The undersigned organizations would like to thank you for your efforts to address the struggles that healthcare providers and organizations have been faced with during the ongoing COVID-19 pandemic. Value-based models, such as the Next Generation ACO Model, play an integral role in shifting the healthcare system from emphasizing volume to recognizing and rewarding value, it is imperative that their viability in both the short and long term is recognized and preserved. CMS’s unilateral 2020 amendment which adjusts the benchmark represents a step back for transparency and the viability of the model.
The application of retrospective national trend modification to prospective United States Per Capita Cost (USPCC) trend factor creates a level of uncertainty for Next Generation ACOs that elect not to accept the amendment. The methodology change in the amendment may allow for improved performance in exchange for reduced downside risk for ACOs that opt-in, and we support providing that opportunity to ACOs. However, ACOs that want to maintain the full risk to which they agreed should not be penalized through a unilateral program change in order to provide protections to ACOs hit hardest by the COVID-19 pandemic. Doing so would only add additional financial pressure to ACOs who have committed to full downside risk during an uncertain time for all healthcare providers. The COVID-19 pandemic has negatively affected providers nationwide and losing any additional financial stability at this time would only serve to exacerbate their existing challenges.

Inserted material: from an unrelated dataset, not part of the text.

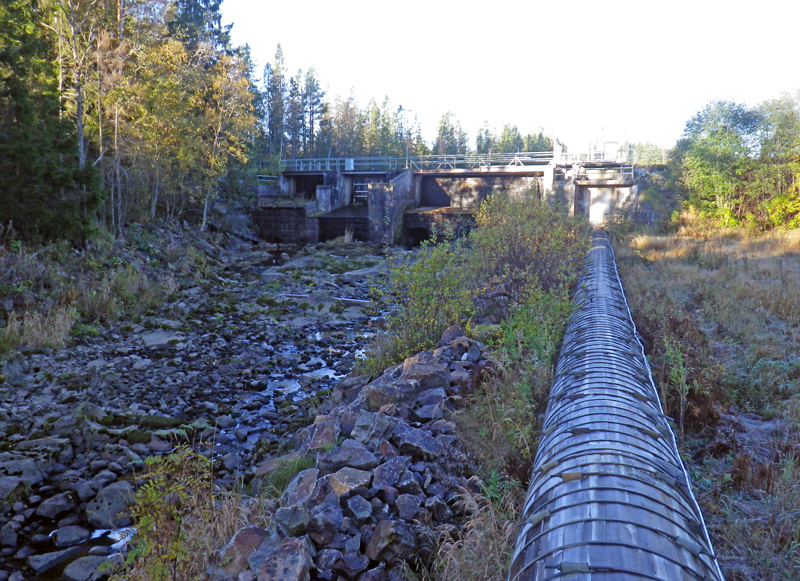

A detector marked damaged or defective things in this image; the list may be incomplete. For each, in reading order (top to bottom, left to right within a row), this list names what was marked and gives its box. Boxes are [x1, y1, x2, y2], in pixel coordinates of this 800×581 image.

In order to protect all Next Generation ACOs and ensure the model remains at full strength for the sake of the broader move from volume to value, we ask that the Innovation Center maintain the prospective benchmark for ACOs who do not elect Amendment 1. Doing so will encourage the acceptance of increased risk and ensure continued transparency, both of which are hallmarks of the program. This is especially relevant given that the Next Generation ACO Program already has a mechanism in place via a maximum savings cap to curtail savings paid back to providers, the excess of which accrues to CMS in the form of savings.

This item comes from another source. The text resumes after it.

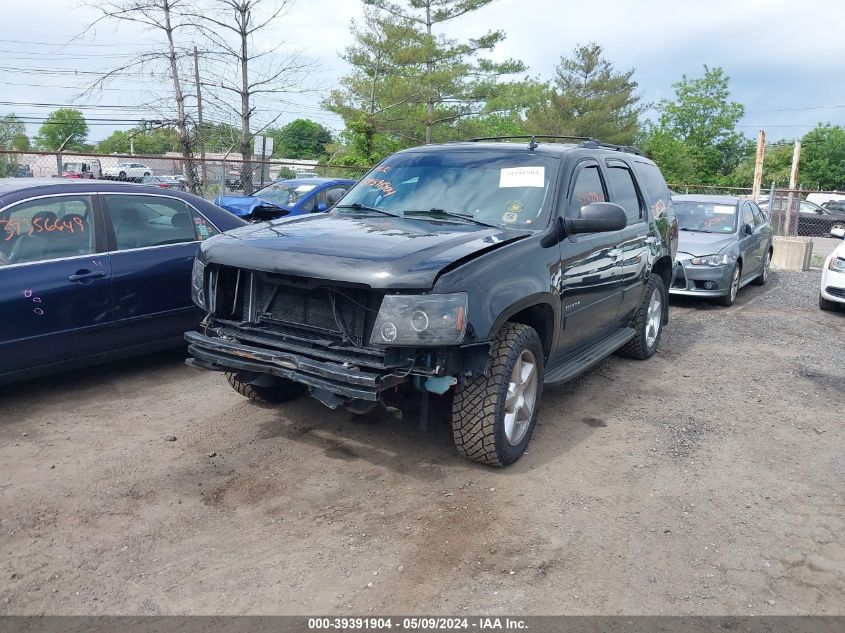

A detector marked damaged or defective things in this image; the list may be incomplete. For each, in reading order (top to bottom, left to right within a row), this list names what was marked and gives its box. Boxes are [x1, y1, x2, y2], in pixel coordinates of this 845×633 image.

Transparency remains an important aspect of value-based models and the partnership between healthcare providers and federal agencies in Washington. Without a transparent process, organizations cannot accurately monitor data and make sound decisions that best serve both the healthcare system and the patients they treat. This puts the long-term success of these programs at risk.
We ask that CMS consider our recommendations and the strain that such a substantial change made on short notice represents for healthcare providers operating in these important models.
You can view the letter here.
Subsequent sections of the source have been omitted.